> _WORK TASK_: The expected answer is the set of lines in the data below between the line holding "One-Shot ‘Goodbye, Eri’" and the line holding "Acts 13-28 MacArthur", inclusive, written out exactly.

Source records:

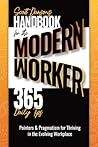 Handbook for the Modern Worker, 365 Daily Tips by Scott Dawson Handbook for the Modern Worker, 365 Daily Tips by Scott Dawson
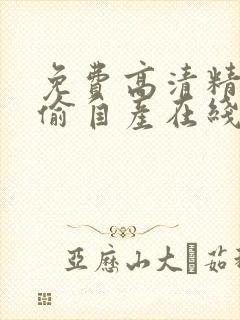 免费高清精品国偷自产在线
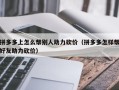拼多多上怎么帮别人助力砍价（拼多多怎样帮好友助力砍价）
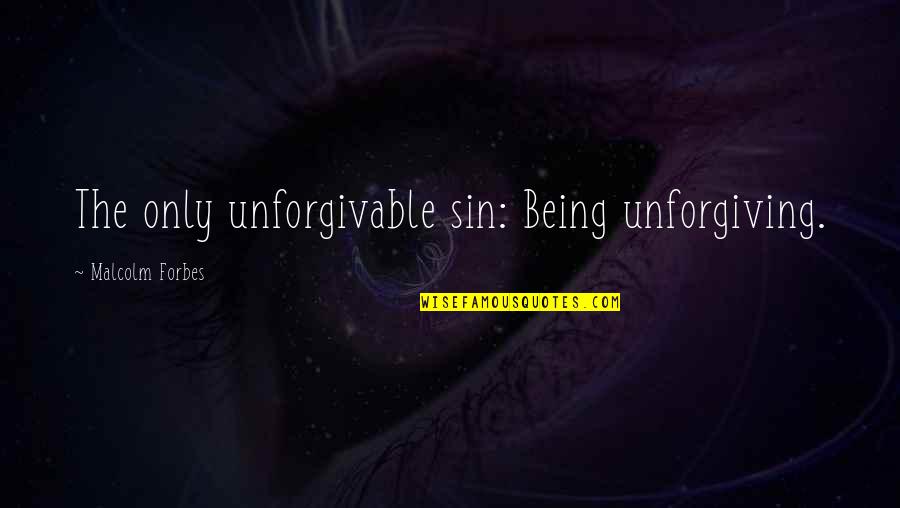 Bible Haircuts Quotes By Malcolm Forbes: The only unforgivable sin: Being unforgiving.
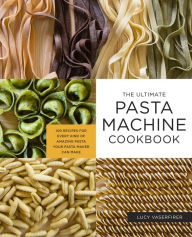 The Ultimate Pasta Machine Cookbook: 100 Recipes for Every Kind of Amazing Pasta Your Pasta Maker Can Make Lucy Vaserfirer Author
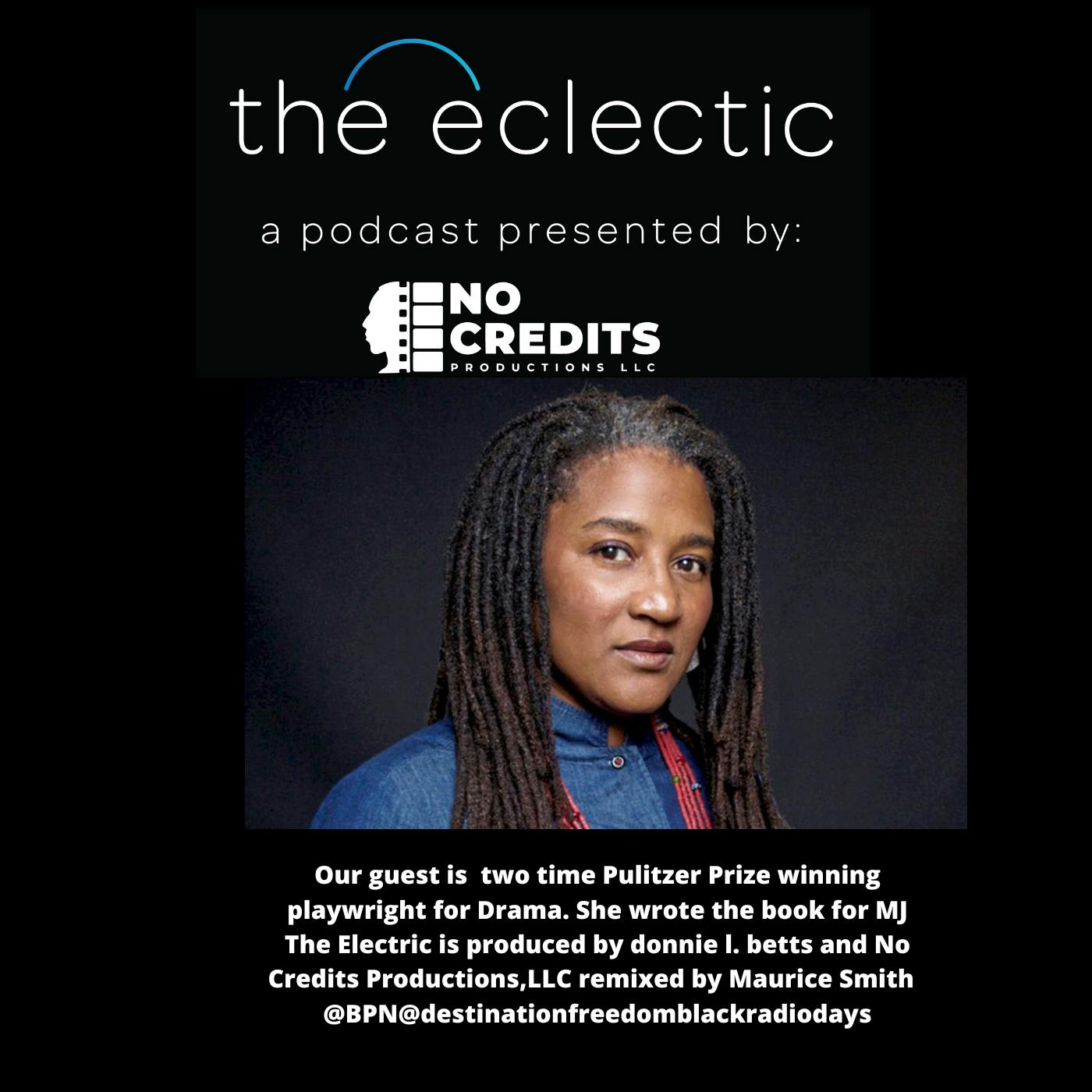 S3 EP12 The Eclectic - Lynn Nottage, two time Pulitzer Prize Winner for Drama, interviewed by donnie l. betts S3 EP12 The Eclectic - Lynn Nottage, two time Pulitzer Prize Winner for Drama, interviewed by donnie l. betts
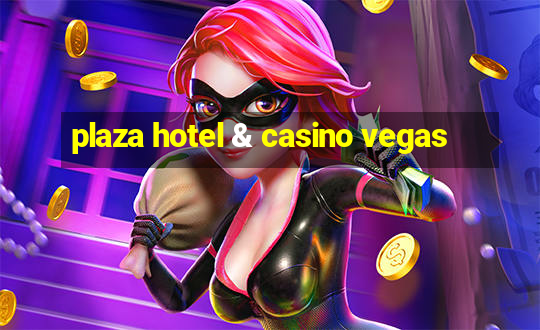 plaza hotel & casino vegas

---

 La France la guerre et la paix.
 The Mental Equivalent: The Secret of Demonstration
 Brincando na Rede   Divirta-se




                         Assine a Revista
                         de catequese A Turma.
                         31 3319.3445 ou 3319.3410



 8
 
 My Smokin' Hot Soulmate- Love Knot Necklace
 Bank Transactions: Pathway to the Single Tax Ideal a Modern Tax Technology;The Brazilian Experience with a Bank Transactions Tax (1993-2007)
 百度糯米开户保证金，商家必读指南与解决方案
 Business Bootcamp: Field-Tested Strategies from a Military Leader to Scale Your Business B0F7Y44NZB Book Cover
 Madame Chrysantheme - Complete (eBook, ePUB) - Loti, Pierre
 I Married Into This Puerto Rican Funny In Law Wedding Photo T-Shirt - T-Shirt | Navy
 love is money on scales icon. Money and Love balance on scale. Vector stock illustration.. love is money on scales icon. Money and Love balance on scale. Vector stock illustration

---

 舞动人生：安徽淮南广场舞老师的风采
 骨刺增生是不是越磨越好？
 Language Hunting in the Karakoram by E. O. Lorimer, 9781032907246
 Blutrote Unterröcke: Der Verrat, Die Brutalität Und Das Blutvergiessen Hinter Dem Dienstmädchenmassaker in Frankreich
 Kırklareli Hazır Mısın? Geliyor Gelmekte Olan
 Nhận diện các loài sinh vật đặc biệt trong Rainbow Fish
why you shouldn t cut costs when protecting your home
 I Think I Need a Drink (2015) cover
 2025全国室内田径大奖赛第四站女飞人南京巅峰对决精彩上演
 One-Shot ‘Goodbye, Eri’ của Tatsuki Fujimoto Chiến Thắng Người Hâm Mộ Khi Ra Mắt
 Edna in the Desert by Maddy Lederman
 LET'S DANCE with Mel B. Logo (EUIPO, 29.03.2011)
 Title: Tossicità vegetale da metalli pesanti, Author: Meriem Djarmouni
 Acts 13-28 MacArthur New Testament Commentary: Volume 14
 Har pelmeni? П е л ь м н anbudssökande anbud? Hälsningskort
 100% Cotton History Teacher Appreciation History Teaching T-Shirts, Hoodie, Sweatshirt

> _SOLUTION_:
 One-Shot ‘Goodbye, Eri’ của Tatsuki Fujimoto Chiến Thắng Người Hâm Mộ Khi Ra Mắt
 Edna in the Desert by Maddy Lederman
 LET'S DANCE with Mel B. Logo (EUIPO, 29.03.2011)
 Title: Tossicità vegetale da metalli pesanti, Author: Meriem Djarmouni
 Acts 13-28 MacArthur New Testament Commentary: Volume 14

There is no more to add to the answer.